Just got back from mom's, where I was helping out for the big Easter tomorrow. "Helping out" is *code* for a bit of good soul satisfying conversation, a little bit of watching her cook, filling up salt shakers, mooching out of her fridge, and letting her spoil my pooch -- which she seems to think she has co-ownership of. She can't wait to be a grandmother....good thing my sister-in-law is due today, and is really going to pop at any moment. I'm excited for even more new blood in the family. Change is always good, for change's sake.
Had one of those "oh-crap-I'm-getting-asked-out" moments today, which thankfully turned out to be nothing more than getting asked where the best ballroom dance place is in town. Put me in an unfamiliar place for a good 8 minutes. The guy makes my coffee, and although I love random awkward moments, I don't love them 5 days a week's worth. Why is it the hardest thing in the world to say to someone something honest like, "I'm sorry, my coffee addiction is more important to me right now than getting to know you better." I had some other good ones thought up, a couple of which were at least %15 truthful. Awful? Maybe. I had obviously made a false assumption about his intentions though - imagine that - and the conversation sailed by without a hitch. See, assumptions are silly. My girlfriend was with me and thought the same thing I did....so the notion wasn't entirely made up by me. Good to know if that had been the case, and I had choked, she was right there for me with her own escape plan.
This is part of the joys of being actually vulnerable to getting asked out...you don't have that safety net "I have a significant other" go-to excuse. Not a bad thing - I enjoy both being in a couple, and the very different sort of sense of autonomy that comes from being in the place I am now. Love it all. And at this point, knowing better than to not to let any grass grow under my feet is needed. It's time to move forward. It's simply change, which to me is the most natural and necessary thing in the world.
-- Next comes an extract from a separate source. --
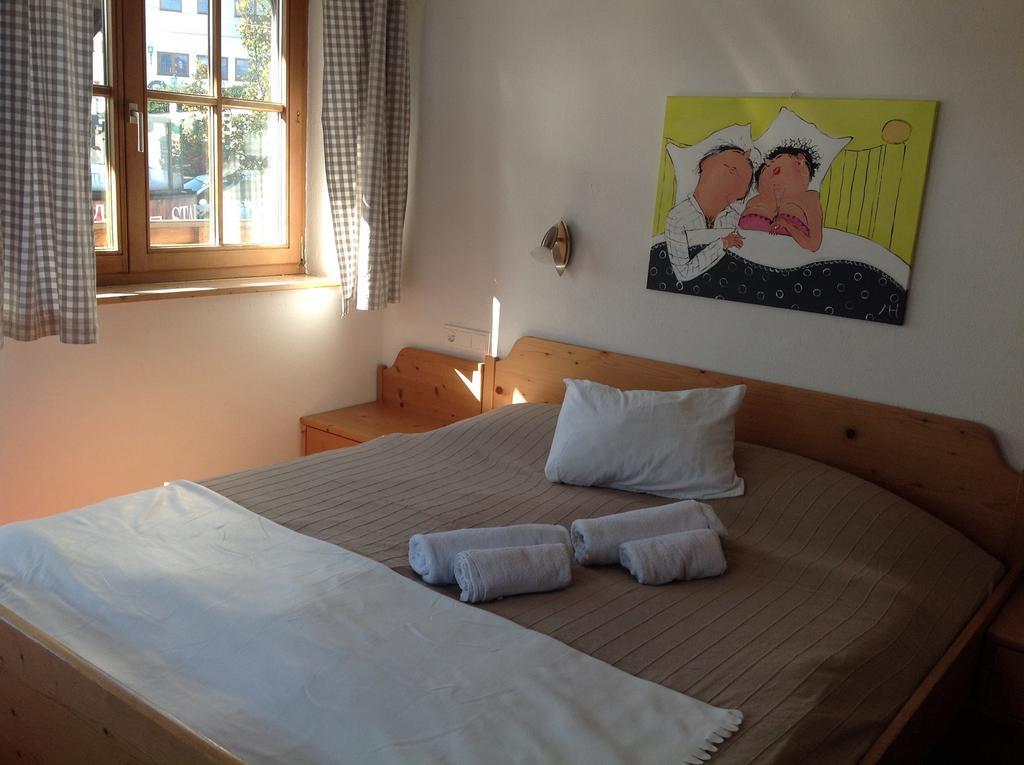 Ferienwohnung Dorfpub Neustift im Stubaital Zimmer foto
Can't wait to throw myself back into work next week. Spring break has been a much needed chance to renew, re-energize, and reevaluate. Looking forward to family time tomorrow, too...giant throngs of babies and all. Will most likely spend most of the day either teaching my cousin's bright little 6-yr. old daughter Taylor new tunes on the piano, trying not to step on one of 7 or more toddlers all under the age of 2, or listening to my cousins all talk about parenting techniques, and the latest *fascinating* things their kids did.
Full moon tonight, and it's absolutely stunning. A good reminder of part of the message of this weekend...putting others' needs before your own. I don't really get the analogy I just made between the moon and selflessness, but hey. It was a reminder to me. Jesus, the man of flesh, walked towards his own death in faith and love. He died in the place he did, and to him, such a state of pain and agony was nothing more than a mosquito bite in the grand scheme of the place he knew he was going to.
Regardless of whether you take this fable literally or figuratively, the basis of the lesson is the same...it's still dying to self. To forgive, and forgive, and forgive, and forgive, and forgive, and forgive, even in the face of such unimaginable injustice and ignorance.